探し物の話

人間誰しも、何かしらものを失くす経験というのは一度や二度では済まないだろう。

ぼくももちろん例に漏れず、よくものを失くす。

最近はかなり減ったが、中学高校の時は特にプリントやら提出物やらがとにかく多く、それに比例するようになくしものの数も多かった。

すぐに見つかるものであれば5分くらいで「なんだよお前、どこ行ってたんだよ!笑」くらいの程度で終わるのだが、これが長期戦になるとなかなか厄介である。

しかも大事なものこそ見つからない。成績に関わるような大事なものが失くなり、「あいつは今どこで何をしているのだろう…」などといなくなってしまったあいつに思いを馳せ、焦りや不安や怒りや情けなさや様々な感情を抱えながら散らかりに散らかりまくった部屋を這いつくばりながら捜索する作業は、心身共に非常に疲弊する。
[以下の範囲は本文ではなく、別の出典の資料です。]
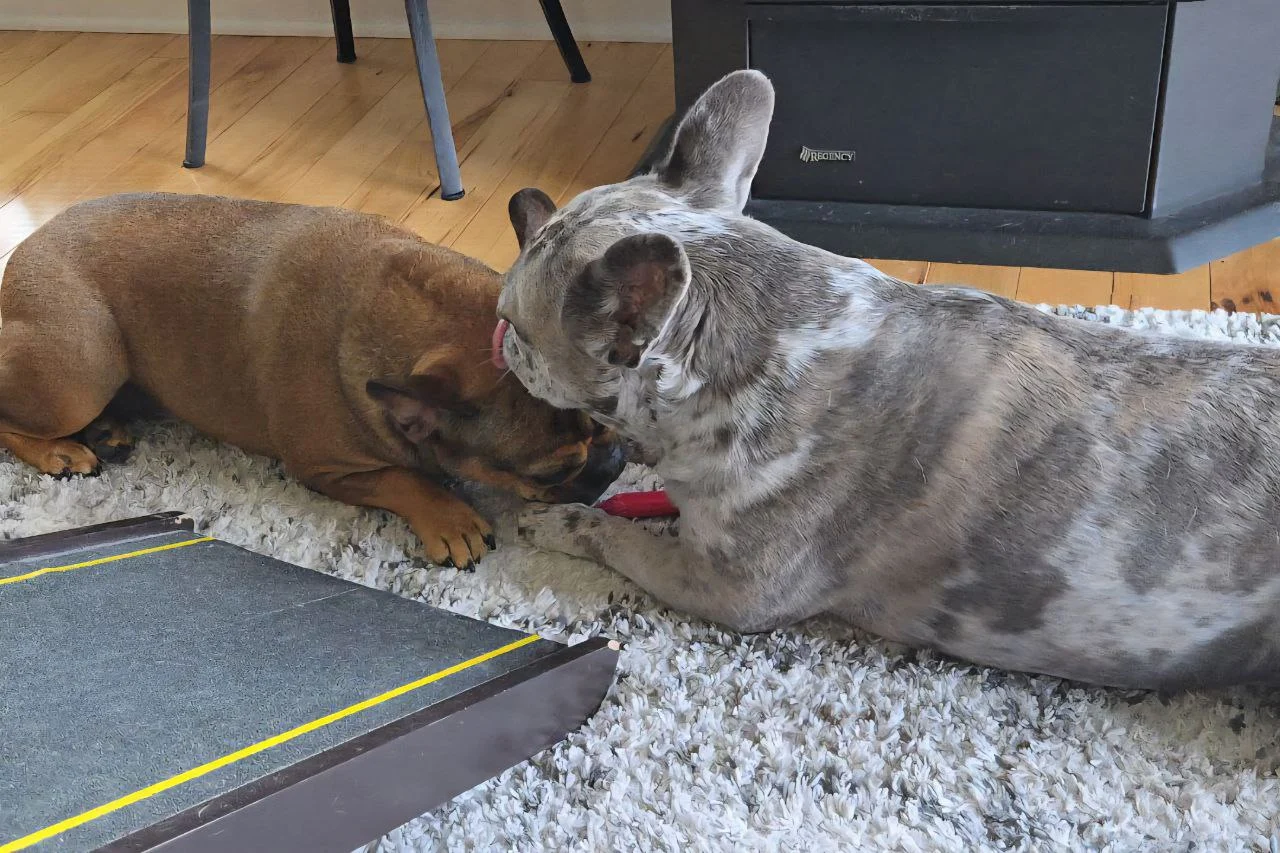 Ella Playing with Friend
もう一生見つからないんじゃないかなどと思い始め、なんならもうちょっと泣いてすらいる。

そういえばたしか高校生の時、例によって提出しなければならないワークを失くしてしまい、この時はかなり厄介で小一時間探しても見つからず、一生見つからないんじゃないかモードに入ってもう限界を感じたため、最後の砦として母親を部屋に招いたところ彼女はものの5秒で見つけてしまったという逸話がある。ああやっぱり俺はこの人には逆らえないなと改めて思った次第である。

ちょっと横道に逸れたが、しかしこの「ものを探す」という行為において、見つかった時の喜びというのは何物にも代えがたいものがある。
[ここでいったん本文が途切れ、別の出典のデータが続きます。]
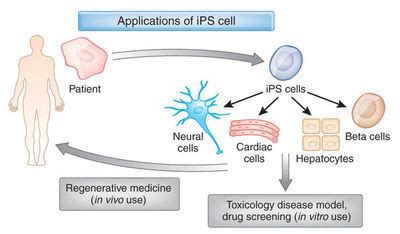 13.- Stem cells- The future. An introduction to iPS cells | Quiz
特に失くしたものの重要度が高ければ高いほど、あるいは捜索時間が長ければ長いほどその幸福度というものは比例してどんどんと大きくなっていく。

長期戦を制して見つけた時などは、どこに隠れてたんだお前は!などという怒りは通り越し、よくぞもう一度俺の目の前に現れてくれた…ありがとう…とその書類および提出物を抱きしめてやりたくなるような気持ちになる。

この探し物が見つかった時の喜びや安堵感というのに勝てるのはあるのか?と思う。

先日も、探し物とはちょっと違うがアプリをダウンロードしたはいいもののそこからの設定でずっと上手くいかず、ストレスが溜まりに溜まっていたのだが、急に事態が好転して最後まで設定を終わらせることができた。
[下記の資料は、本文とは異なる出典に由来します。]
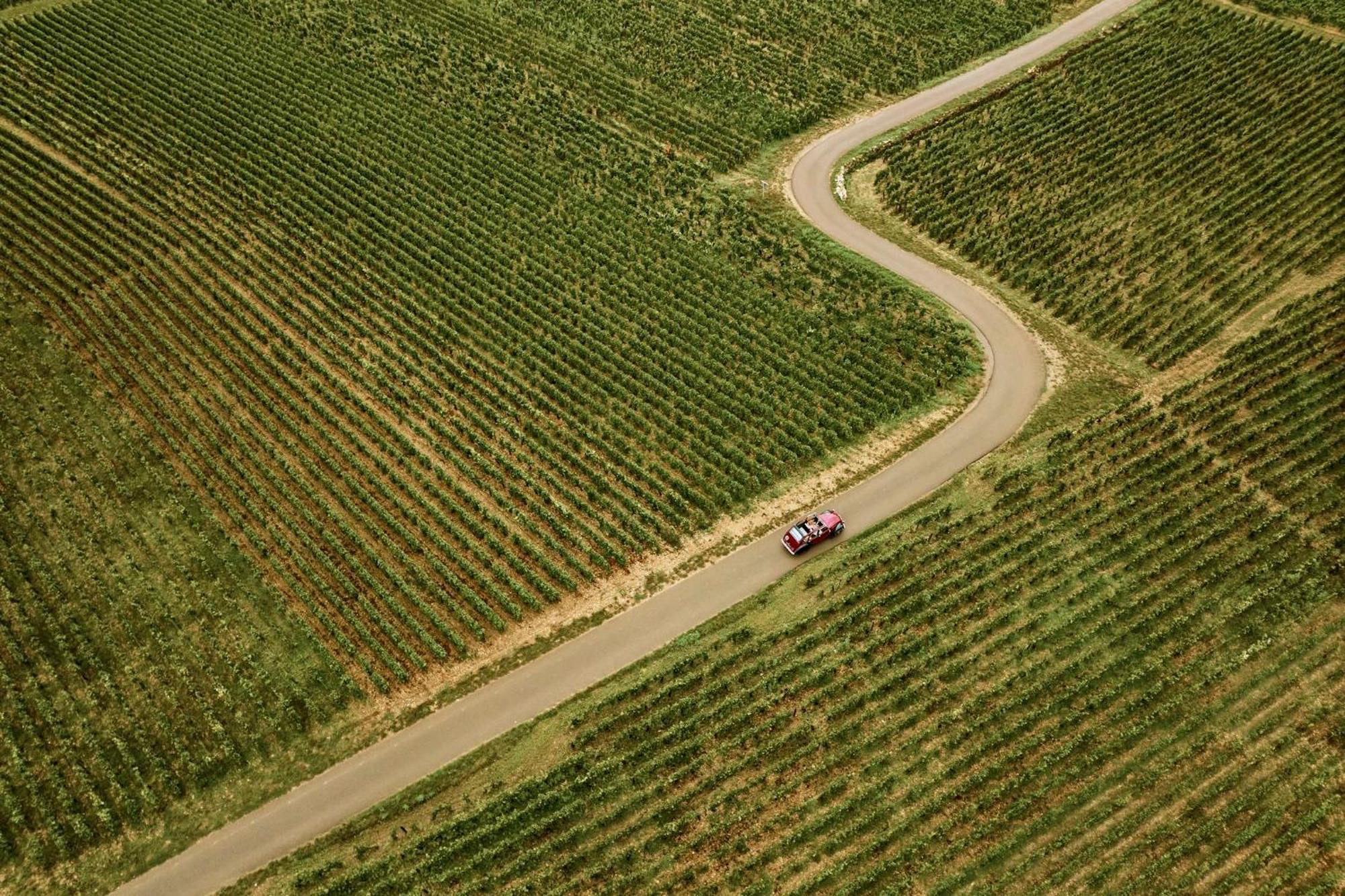 Le Montrachet 5*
この時も探し物が見つかったのと同じような感覚に襲われた。達成感とはまたちょっと種類の違う幸福感である。俺はいま世界で最も幸せな男なのではないかとバカみたいなことを考えてしまうくらいである。

見つかった時の嬉しさというものが計り知れないほど大きなものであるため、ちょっと適当に生きて、たまーに大事なものなんか失くして、必死になって探して見つけるみたいな生き方の方が楽しいんじゃないかとは少なからず考えちゃうのである。そんな大事ものなんて失くさないに越したことはないに決まっているのだが。